The struggle to integrate Washington's football team is recounted in Thomas G. Smith's 2012 book, Showdown: JFK and the Integration of the Washington Redskins. As Smith tells it, the showdown began in 1961, when John F. Kennedy's interior secretary, Stewart Udall, who'd committed to ending segregation anywhere in his sphere of influence, declared his intent to break pro football's last color bar. Udall later recalled, "I considered it outrageous that the Redskins were the last team in the NFL to have a lily-white policy."
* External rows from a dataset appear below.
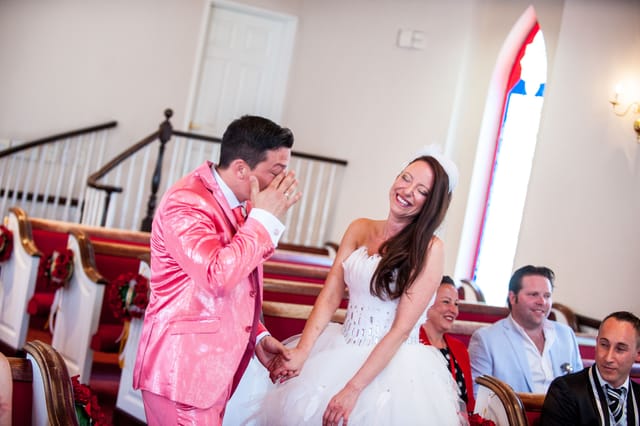 Laughing bride and groom at their wedding in the church.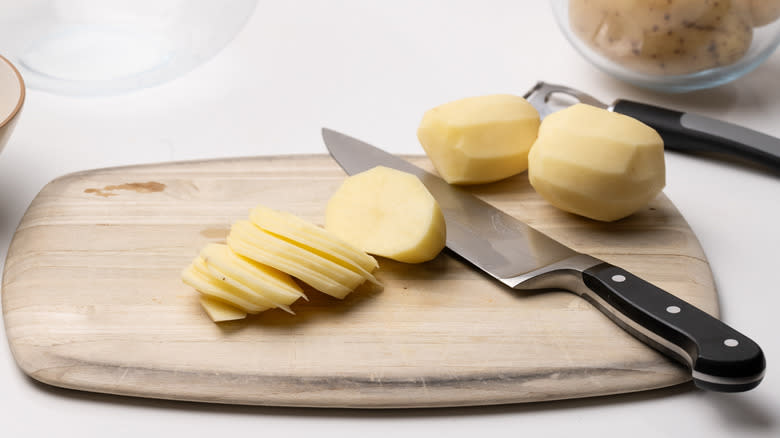 sliced potatoes on cutting board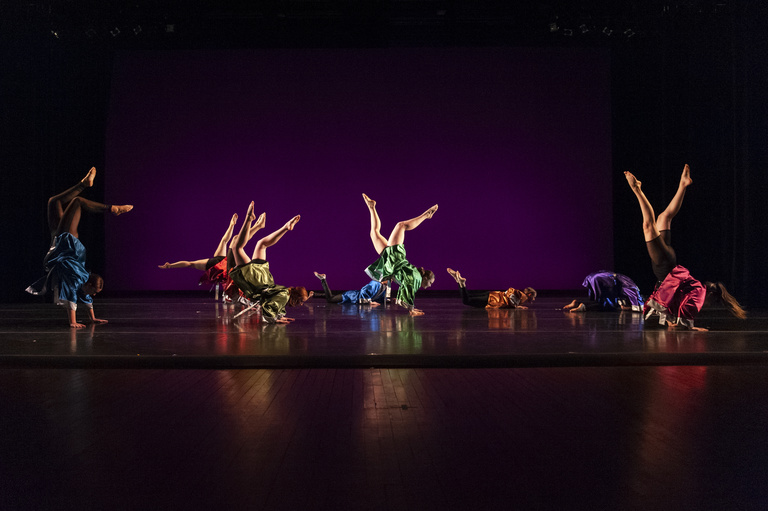 students performing with hands on floor and feet in the air during a MFA thesis performance in 2023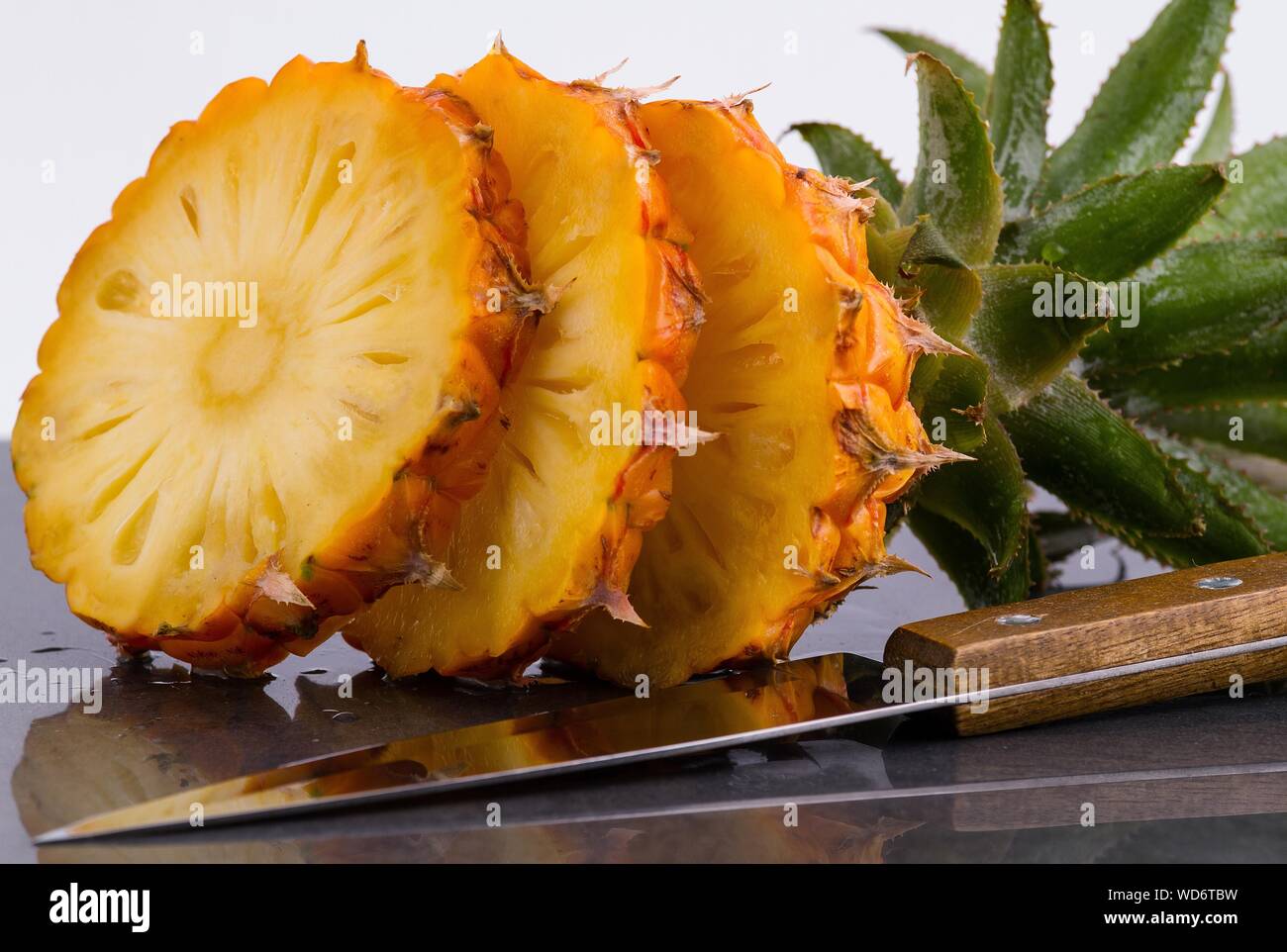 Pineapple with knife hires stock photography and images Alamy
The call for integration was met with opposition, most notably from the team's owner, George Preston Marshall, a laundromat magnate turned NFL bigwig who had held firm for years. As legendary Washington Post columnist Shirley Povich wrote:
For the 24 years when he was identified as the leading racist in the NFL, he simply stared down the criticism of his refusal to sign a black player. It was the only subject on which the voluble Marshall never expressed a public opinion, never resorted to a quip. But he bristled when this columnist reminded him in print that "the Redskins colors are burgundy, gold and Caucasian."Marshall appeared as outraged by federal interference as he was by the prospect of diversity. "Why Negroes particularly?" he asked. "Why not make us hire a player from another race? In fact, why not a woman? Of course, we have had players who played like girls, but never an actual girl player." The controversy drew out assorted bigots, including neo-Nazis (above), who protested on Marshall's behalf to "Keep [the] Redskins White."
Udall had one advantage over Marshall: The team's new home field, DC Stadium (later renamed RFK Memorial), was federal property. With Kennedy's approval, Udall gave Marshall a choice: He could let black players on his team, or take his all-white squad to someone else's gridiron.
"You can't tell what will happen under the guise of liberalism," Marshall griped shortly before acquiring a handful of black players for the 1962 season. He would comply with Udall's demands even if it meant hiring "Eskimos or Chinese or Mongolians." The newly integrated team went on to have its best season in five years.